Der harte Aufschlag durch die Trennung vom FC ermöglichte es Jacob, vom Glücksspiel wegzukommen. Seit viereinhalb Jahren hat er nicht mehr gespielt, hat sein Leben durch Begleitung von Ärzten, Psychologen und Psychotherapeuten in vielen Bereichen umgestellt, unter anderem auch durch mehr Sport und eine andere Ernährung, weshalb er 25 Kilo abgenommen hat. „Ich bin heute wieder gesund“, sagt Jacob, der das Gefühl des „Spieldrucks“ zwar zwischenzeitlich noch empfunden, jedoch gelernt hat, es zu beherrschen. „Auch darum ging es in der Reha: zu lernen, die Alarmsignale zu erkennen und eine Art Werkzeugkoffer bei mir zu haben, um zu wissen, wie ich reagieren muss, wenn eine solche Reaktion eintritt.“

Ich hätte diesen herausragenden Job wahnsinnig gerne mal als gesunder Mensch gemacht

Beruflich hatte sich Jacob zwischenzeitlich verändert, arbeitete mehrere Jahre im Sporteinzelhandel.

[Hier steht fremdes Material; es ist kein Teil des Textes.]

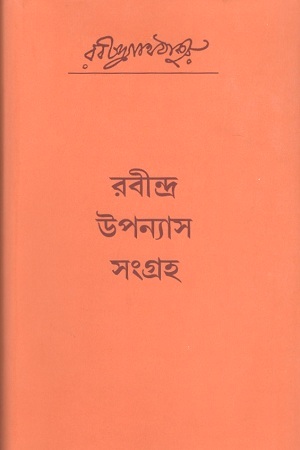 [9788175225251] রবীন্দ্র উপন্যাস সংগ্রহ
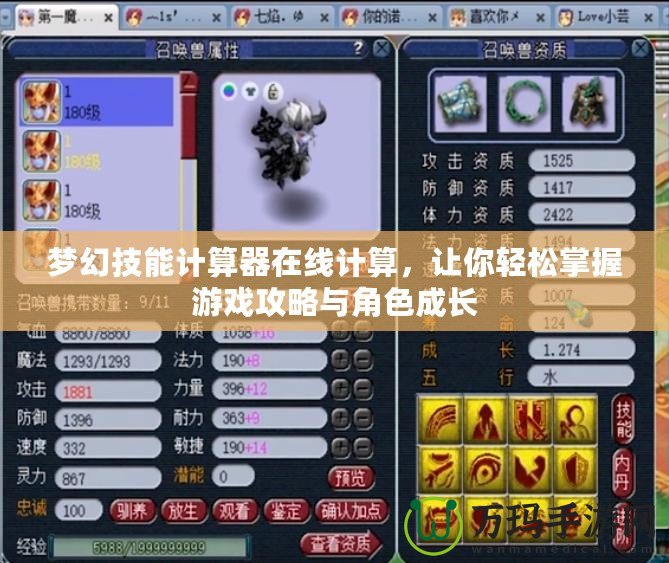 夢(mèng)幻技能計(jì)算器在線計(jì)算，讓你輕松掌握游戲攻略與角色成長(zhǎng)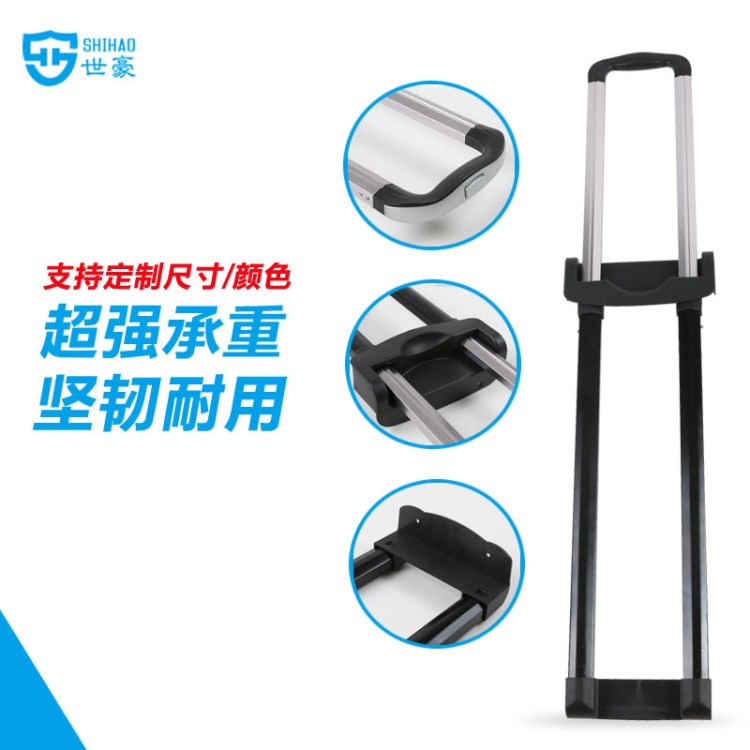 箱包拉桿生產廠家 拉桿箱配件拉桿 行李箱配件兩面箱皮箱外置拉桿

Nun kann sich der studierte Germanist und gelernte Sportjournalist vorstellen, in die Unternehmenskommunikation respektive Öffentlichkeits- und Medienarbeit zurückzukehren – ob im Fußball oder in einer anderen Branche. Beim FC prägte er die erfolgreichste Saison der jüngeren Vereinsgeschichte mit, und so blickt er auf seine eigentlich erfolgreiche Zeit als FC-Pressesprecher zurück. „Ich habe es geliebt für diesen Verein zu arbeiten, in dieser Stadt zu leben. Ich habe die kölsche Mentalität der Menschen gemocht, die ist unschlagbar“, sagt Jacob. „Ich habe mich extrem wohlgefühlt. Und ich hätte diesen herausragenden Job wahnsinnig gerne mal als gesunder Mensch gemacht.”